Il laboratorio, un ambiente isolato dal resto della casa che si
affaccia ad ovest su un giardino argenteo, fitto di ulivi, è il
punto d'approdo di tutto quello che la città con noncuranza si
scrolla di dosso. Ad esso ci si accosta come ad un recinto sacro
all'interno del quale ogni cosa preannuncia un rito che può
compiersi solo se ci si libera da ogni residualità urbana, da
ogni sovrastruttura o scoria di pensiero.
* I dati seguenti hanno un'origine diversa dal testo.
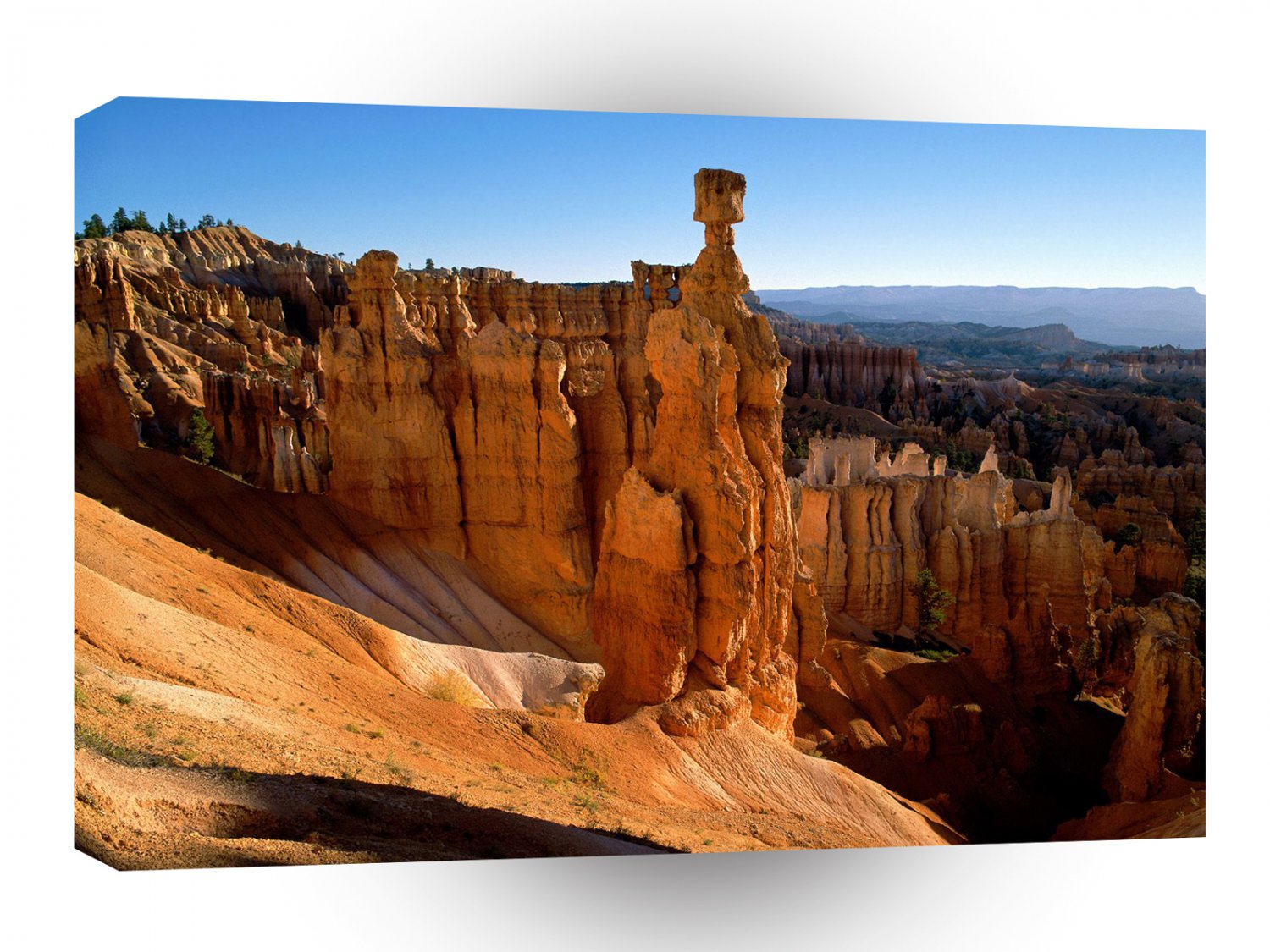 Canyon Bryce Park Utah A1 XLarge Canvas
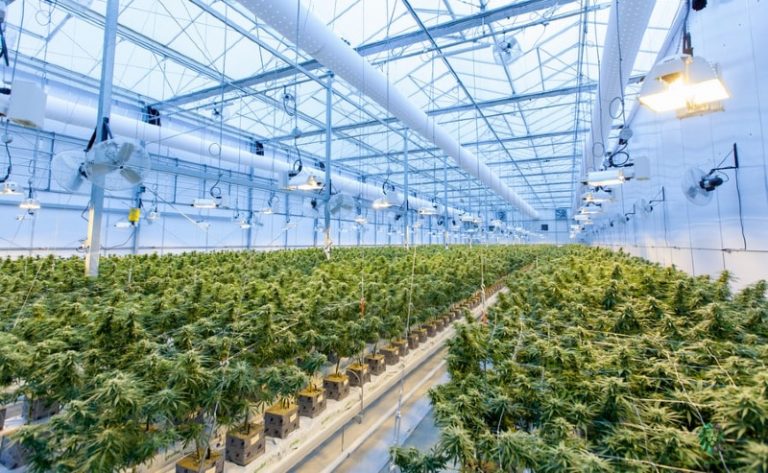 cannabis growing odor technology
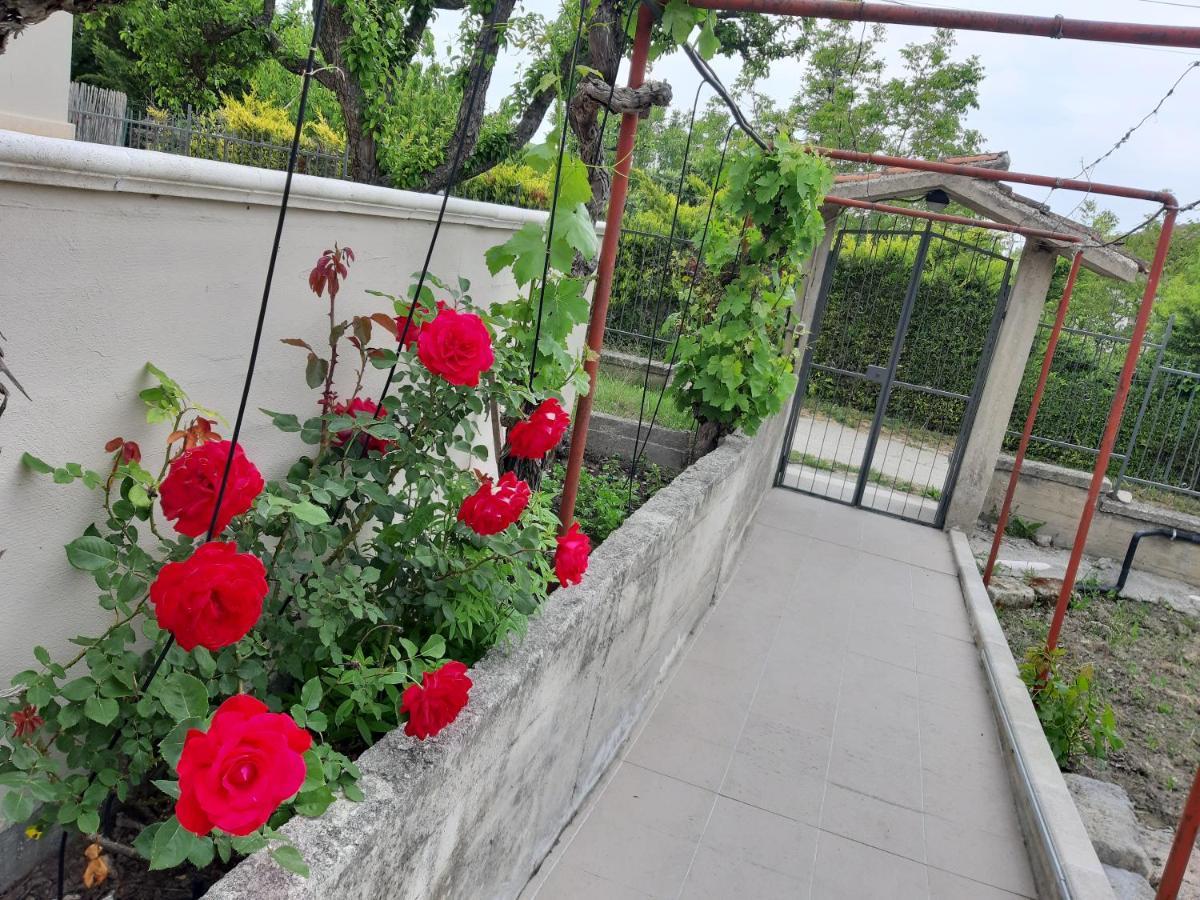 La Collinetta Dei Sassi Villa มาเตรา ภายนอก รูปภาพ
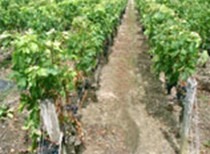 Salon des Vignerons - Photo 4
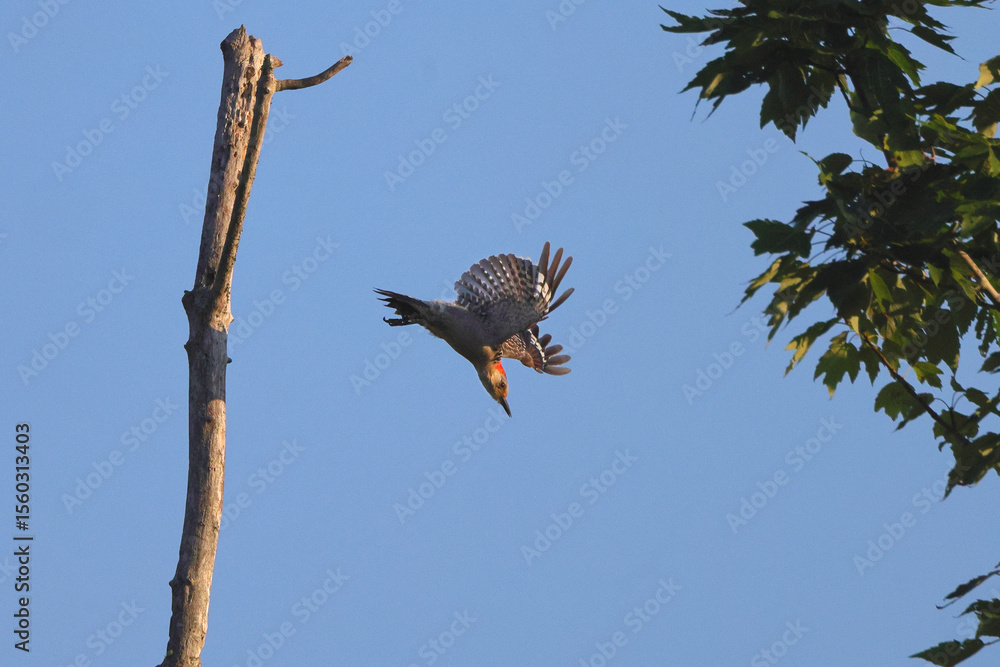 Fototapeta premium Red bellied woodpecker flying off dead tree against blue sky.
Nella lentezza del
laboratorio manichini, cavalletti, scatole scollate, cartoline
scolorite, brocche sbeccate, vecchie macchine fotografiche,
utensili vari, strappati al loro sonnolente torpore dallo
sguardo compassionevole dell'artista, recidono ogni legame con
la quotidianità. Il silenzio assorto, cadenzato dallo strofinio
dei pennelli e impregnato dell'odore pungente dei colori, si
allarga, penetra tutte le cose scarnificandole; gli schemi
gerarchici con i quali la città imbriglia e addomestica ciò che
produce vanno in frantumi. Tra gli scaffali ingombri e
sovraccarichi di oggetti svuotati di ogni senso abituale, lo
spazio si rapprende, diventa denso. Da una mensola all'altra,
relazioni, tanto più essenziali quanto più silenziose, si
intrecciano tra le cose, in un intricato gioco di rimandi. Celi
si ritrae e osserva; lascia che gli oggetti tentino tutte le
combinazioni possibili, scartino da sé gli incastri più astrusi
e, in fine, si ricompongano in sistemi nuovi e significanti. È
questo il momento dell' Arte ed è questo il suo luogo. Non sulla
tela ma nel laboratorio essa si invera. All'artista non resta
che raccogliere quanto è già in atto, trasferirlo sulla tela e
compiere lo scambio finale, tra reale e immagine. Il reale,
libero da ogni impedimento, raffigurato nella sua scarna nudità
e nei suoi soli legami essenziali, sembra quasi che sia sul
punto di svelare il mistero a quanti hanno preso parte al rito. Ma per questa volta l'approdo
è negato; non resta che un silenzio vibrante che, annullando la
finitezza della tela, avvolge in un'unica trepidante attesa gli
oggetti riposti sugli scaffali e i loro simulacri.